# Conexion de unos cascos con un manos libres



## judas (Sep 19, 2008)

hola a todos,

estoy intentando hacer una conexión entre unos cascos (de estos tipicos de telefonista, con auricular y micro) y un manos libres de un equipo radio. La salida de los cascos es un rj11 con 4 pines (2 para el altavoz y 2 para el micro). Consigo escuchar pero no consigo hablar.

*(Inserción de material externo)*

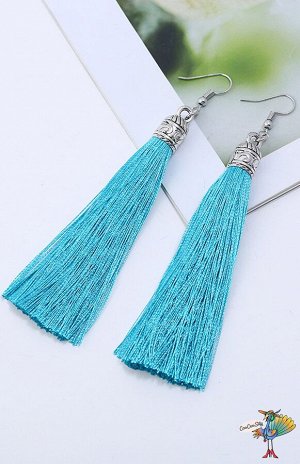 Серьги кисти Голубые, серебряная фурнитура, 8,0 см.
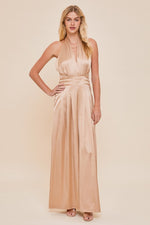 Halter Wide Leg Satin Jumpsuit - Taupe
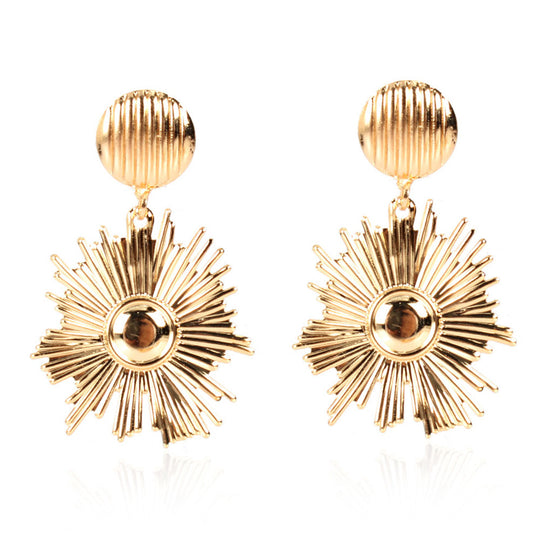 Retro Alloy Flower Long Earrings Fashionable Earrings For Women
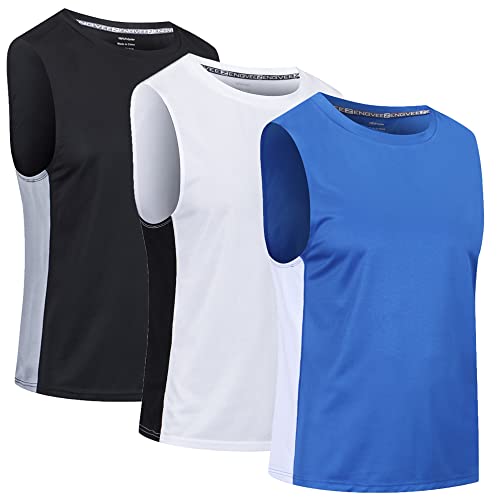 CIMIC 3er Pack Tank Top Herren Tanktop Sport Muskelshirts Ärmelloses Shirt Sleeveless Achselshirt Fitness Gym Sommer Muscle Tshirt Men Atmungsaktive Trainingsshirt Männer(0505-Black White Blue-2XL) von CIMIC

No consigo hacer funcionar el microfono y ya no se me ocurre nada. Sabiendo el pineado la conexion con el altavoz es directa y pensaba que el micro tambien pero no funicona. Pienso que es un problema de adaptacion de impedancias...pero no se como adptarlas, ¿alguna idea?

gracias


----------



## asherar (Sep 22, 2008)

judas dijo:
			
		

> hola a todos, ...
> No consigo hacer funcionar el microfono y ya no se me ocurre nada. Sabiendo el pineado la conexion con el altavoz es directa y pensaba que el micro tambien pero no funicona. Pienso que es un problema de adaptacion de impedancias...pero no se como adptarlas, ¿alguna idea?
> gracias



Será tan directa ? No habrá que amplificar aunque sea un poco ?
Así, sin ver un circuito, a mí tampoco se me ocurre nada. 
Subite algún esquematico de lo que conectaste, dale !


----------



## judas (Sep 23, 2008)

gracias por la contestación   

ya lo conseguí. Tuve que hacerle un minicircuito de preamplificación. Un poco mas de chicha y funcionó correctamente.

gracias y un saludo


----------



## maximgrachev (Feb 3, 2011)

Podrias enviar los pasos que seguiste? Me gustaria hacer algo parecido. Coger unos auriculares con microfono con salida jack y conectarlos a un telefono mediante un rj11. Pero no tengo ni idea de conexion ni colores. Alguna ayuda? Muchas gracias!!


----------



## GTAmax (May 10, 2011)

Que tal, yo estoy pasando por lo mismo que vos con el tema del mic de los cascos. Podrías pasarme por favor el circuito de pre que utilizaste? muchas gracias


----------